-- SOURCE MATERIAL follows --
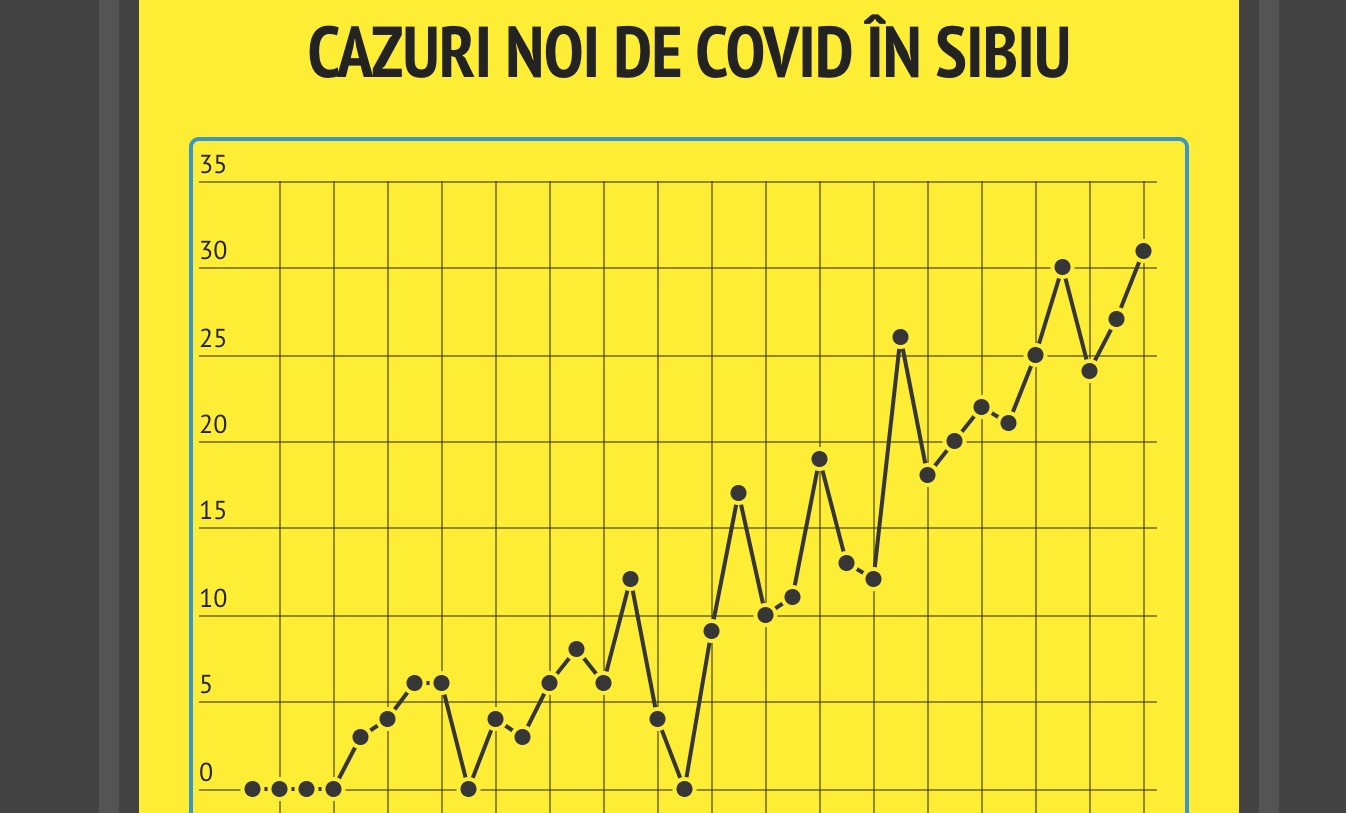 31 de cazuri noi, 265 de cazuri active, încă trei decese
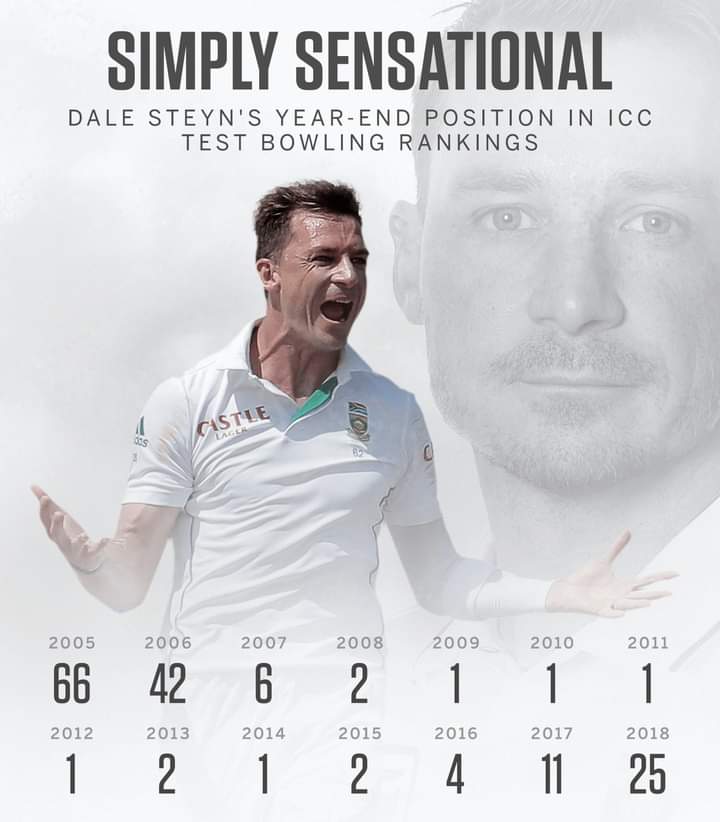 Happy birthday to the legend Dale Steyn! 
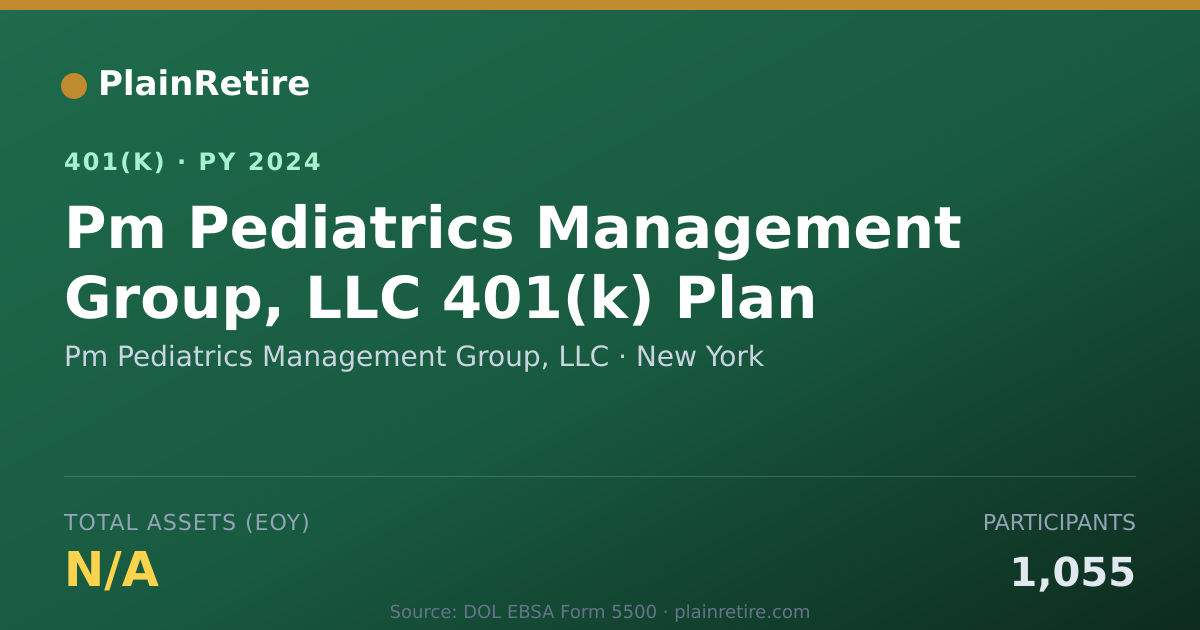 Shareable card for Pm Pediatrics Management Group, LLC 401(k) Plan (2024)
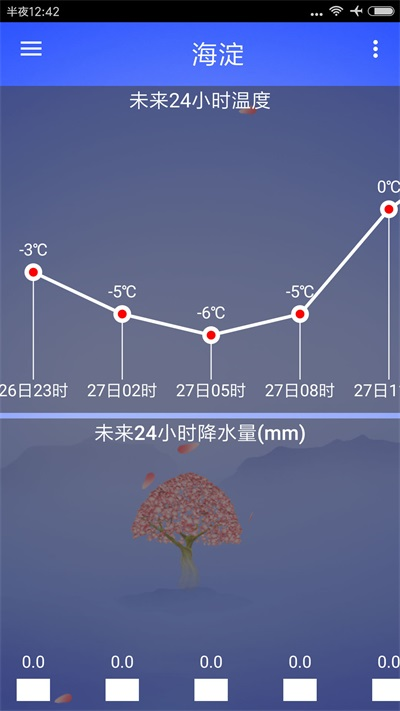 海峰天气手机软件app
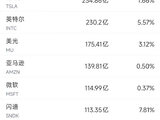 4月25日美股成交额前20：英伟达市值再次站上5万亿美元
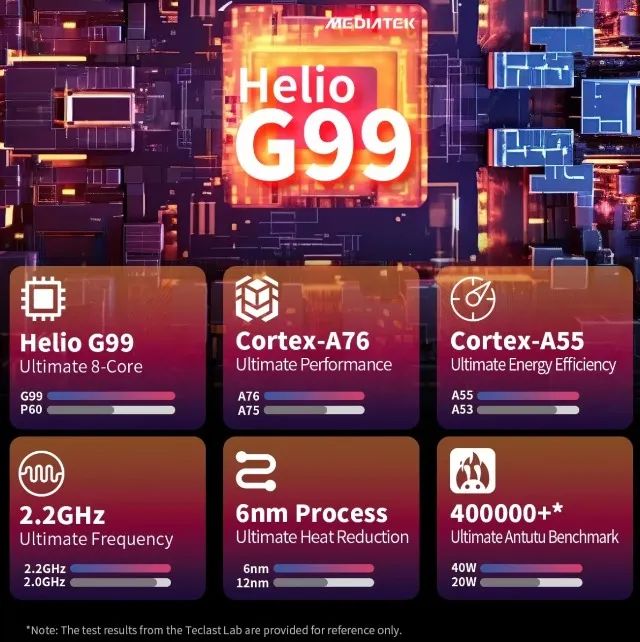 tablet teclast t65 max 13 polegadas 20gb 256gb entrada para chips semi novo - Foto 2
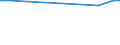 KN 26070000 /Exporte /Einheit = Preise (Euro/Tonne) /Partnerland: Sierra Leone /Meldeland: Europäische Union /26070000:Bleierze und Ihre Konzentrate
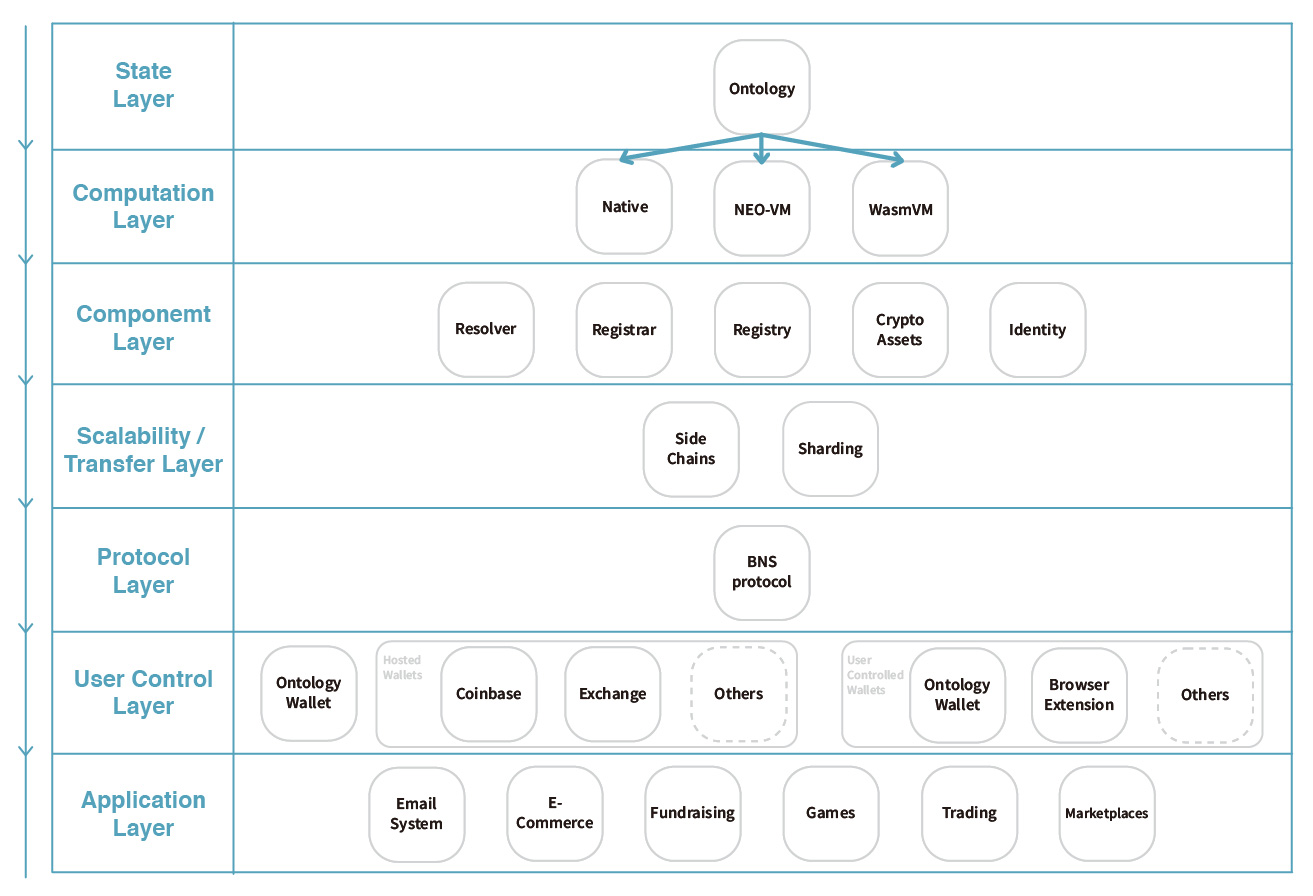 Technical Stack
-- SOURCE MATERIAL concluded --
-- TASK REQUIREMENTS --
Output every record above verbatim, excluding images.

-- SOLUTION FOR THIS PROBLEM --
 31 de cazuri noi, 265 de cazuri active, încă trei decese
 Happy birthday to the legend Dale Steyn! 
 Shareable card for Pm Pediatrics Management Group, LLC 401(k) Plan (2024)
 海峰天气手机软件app
 4月25日美股成交额前20：英伟达市值再次站上5万亿美元
 tablet teclast t65 max 13 polegadas 20gb 256gb entrada para chips semi novo - Foto 2
 KN 26070000 /Exporte /Einheit = Preise (Euro/Tonne) /Partnerland: Sierra Leone /Meldeland: Europäische Union /26070000:Bleierze und Ihre Konzentrate
 Technical Stack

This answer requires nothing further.